ASSIGNMENT: Each line below needs to be returned exactly. Skip any picture.

DATASET EXCERPT:
'''
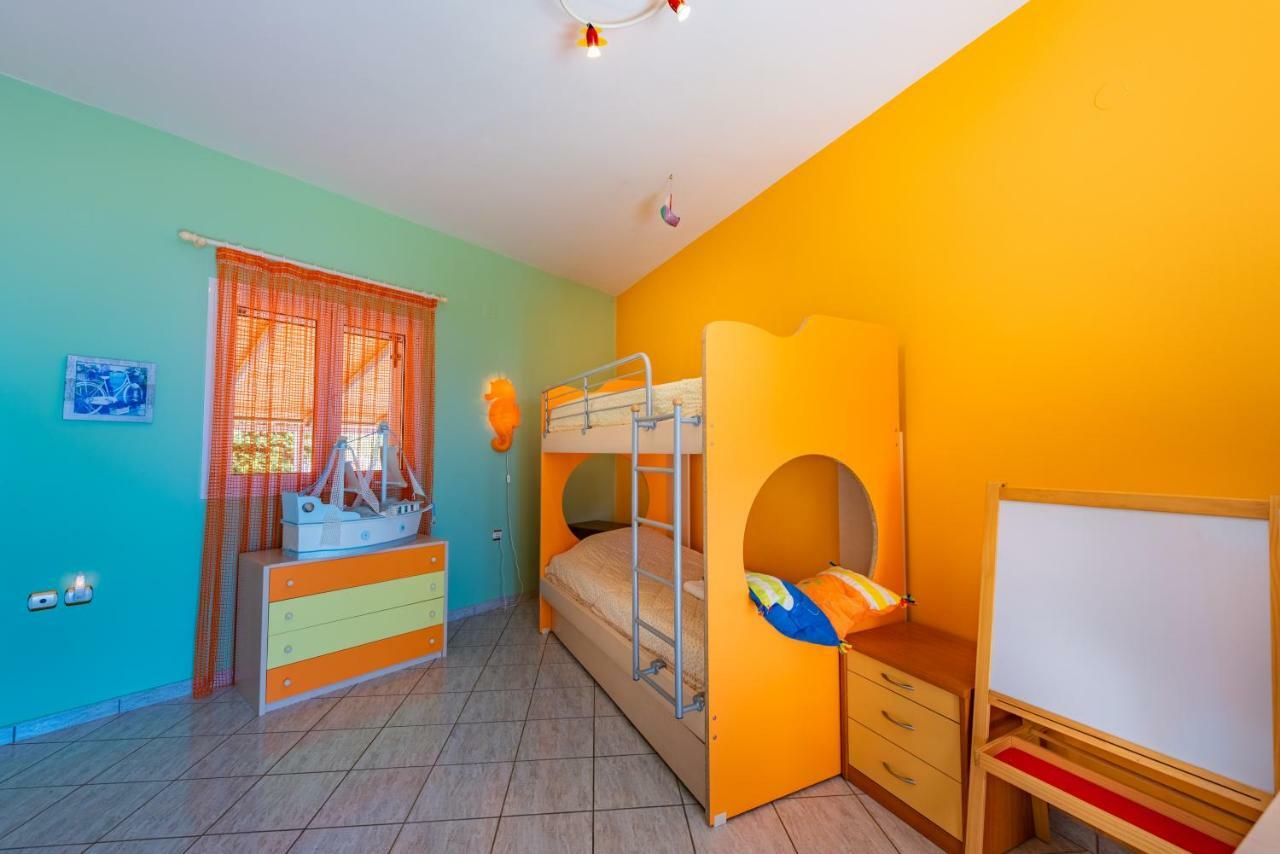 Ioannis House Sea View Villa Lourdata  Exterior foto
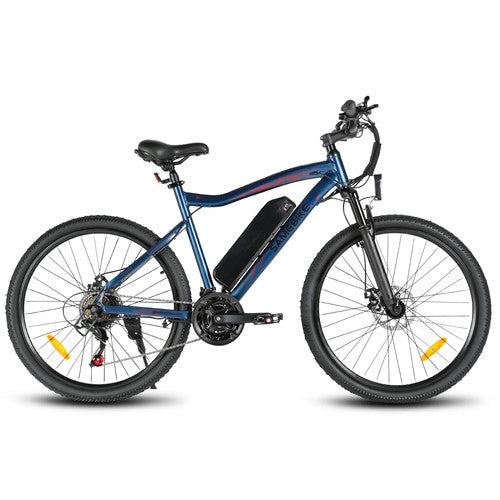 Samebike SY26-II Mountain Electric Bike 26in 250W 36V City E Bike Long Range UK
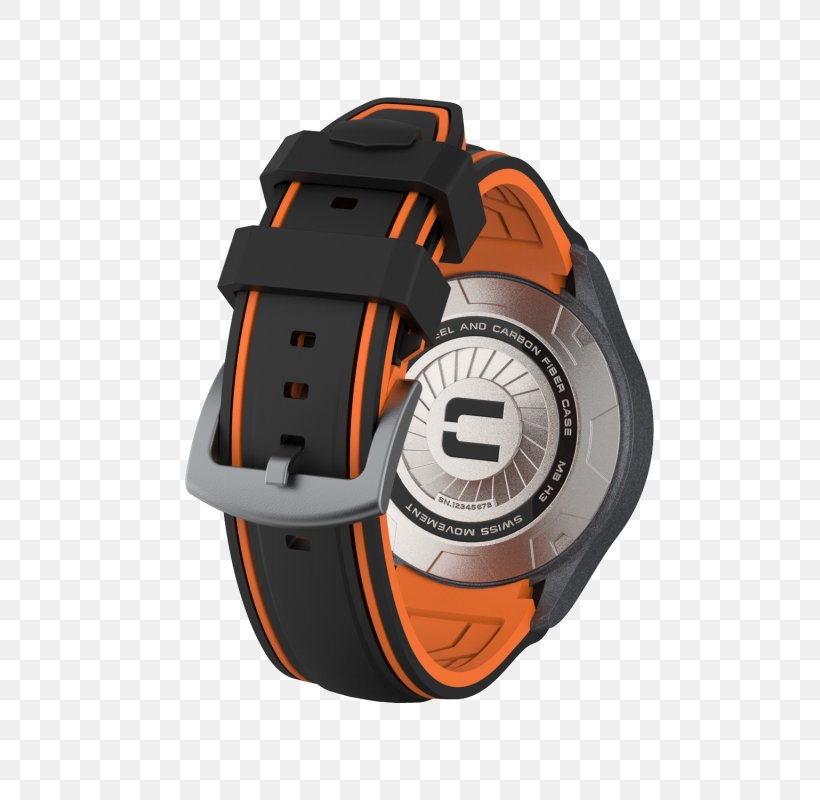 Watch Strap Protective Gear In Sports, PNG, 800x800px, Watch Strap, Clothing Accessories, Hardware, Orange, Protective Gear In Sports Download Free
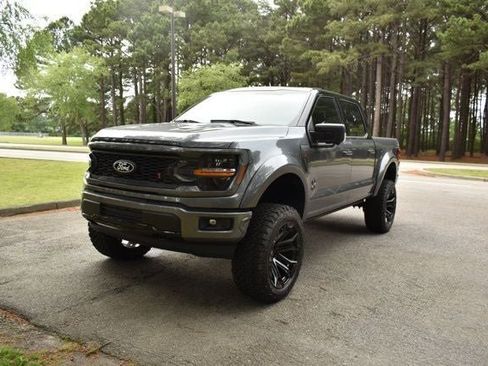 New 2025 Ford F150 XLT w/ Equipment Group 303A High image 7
'''
EXERCISE RESULT:
 Ioannis House Sea View Villa Lourdata  Exterior foto
 Samebike SY26-II Mountain Electric Bike 26in 250W 36V City E Bike Long Range UK
 Watch Strap Protective Gear In Sports, PNG, 800x800px, Watch Strap, Clothing Accessories, Hardware, Orange, Protective Gear In Sports Download Free
 New 2025 Ford F150 XLT w/ Equipment Group 303A High image 7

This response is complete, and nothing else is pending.